Home / Journals / el Amoudi homeless

el Amoudi homeless

Eva Bartlett | In Gaza

“Bissa flora,” he said. “Taste it, it’s delicious!”

“It’s used for stomach ailments, and is extremely healthy.  Has vitamins A, B, C and D,” Osama translated for me.  The botanist sat by his tree, his bulldozed tree, and went on extolling its virtues.

“The fruit helps to regulate your pulse and is good for blood circulation,” he confided.

How did he have so much knowledge about this tree, I wondered, and asked.

“I’ve got a catalogue inside my… house,” he said, gesturing at the re-piled concrete blocks, a portion of those which had formerly made up his home.  They now stood like  a Lego house, stacked 4m by 4 m and just tall enough to stand within with a slight stoop.

Back to the trees.

“I introduced this tree in Gaza.  I first saw it in Brazil and later found one in Israel, which I bought. I used to buy many trees in Israel, and I used to import many specialized trees for sale in Gaza,” he said.

Brazil?

“I’ve traveled in over 40 countries, you know. Before the siege, before it was impossible to leave Gaza.”

Why? For work? Other?

“I love to travel.”

Fair enough, so do I.

While the rest of the homeless in the el Amoudi area, in the Beit Lahia region, somewhere between Jabaliya and Attatra, were still working at making the most of their Lego shelter –cleaning up remaining rubble and rubbish, and keen to tell me about their new, completely inadequate shelters which stand roughly where larger, furniture and memory-filled homes stood until Israel’s war on Gaza –Abu Bassam was more interested in fostering my knowledge of the Bissa Flora tree.
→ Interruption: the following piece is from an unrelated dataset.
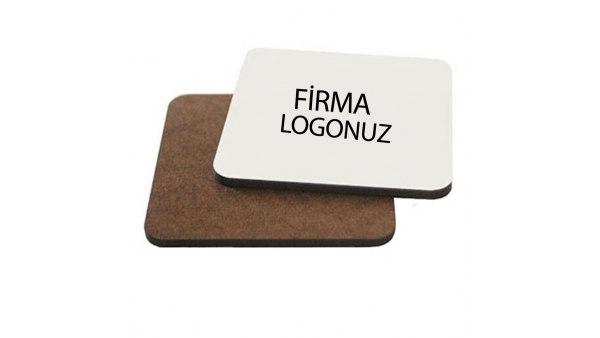 Baskılı  Kare Ahşap Bardak Altlığı – Firmalara Özel Baskılı Bardak Altı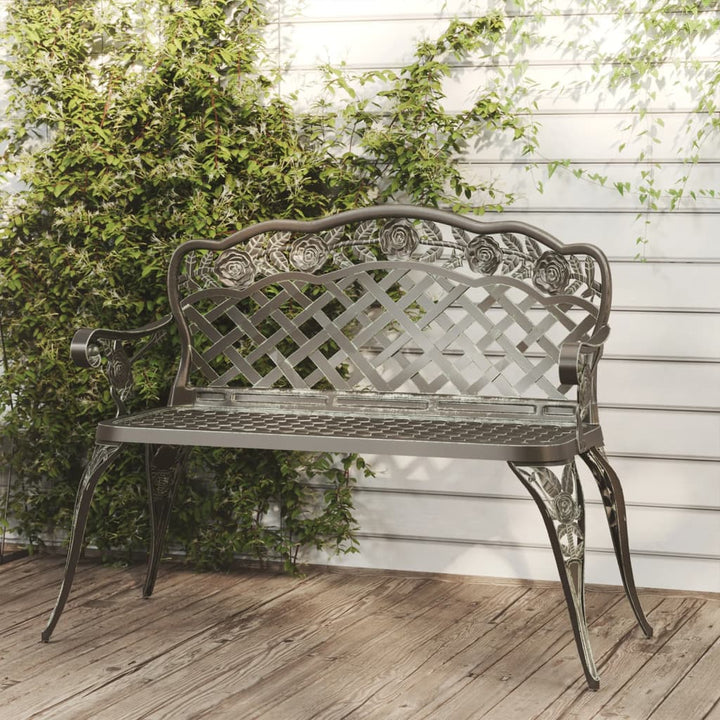 havebænk 108 cm støbt aluminium grøn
He insisted on opening the remaining fruit for me to sample, cutting the rough outer skin pumpkin-style and scooping out an apricot-tasting pulp for me to sample.  He was right, delicious.

Curious as to which block shelter was his, I finally coaxed him away from talk of trees.  “He’s my husband, this is our house,” the woman who’d been patiently standing beside me, now and then trying to pry me away from Abu Bassam.  And so we went to see their home.  “It was 300 square metres before.  There are 10 in our family, so it was a good size,” she said, pulling back a cloth serving as a door to reveal a few mattresses spread on the floor.

“I’m sleeping here with 3 of our kids.  The others are still staying with family.  We want to live here, but you see, it’s too small and not possible to cook here.”

Like the 25 other houses in the neighbourhood, Abu Bassam’s house was first hit by Apache and tank shelling, and then bulldozed, intentionally felled, his wife explained. “The UNRWA has promised to rebuild our houses, but we don’t know if or when that will happen.  Right now, we’re just hoping for tents.  The tents are terrible to live in, but we have nothing now. Nothing.”

Looking around the wasteland of rubble and Lego houses, it became apparent that this is true, and even that what Abu Bassam has been able to salvage for a block structure is larger than some of the others, some of which measure just 2m by 2 m, barely large enough for one person to lie down in, let alone a family.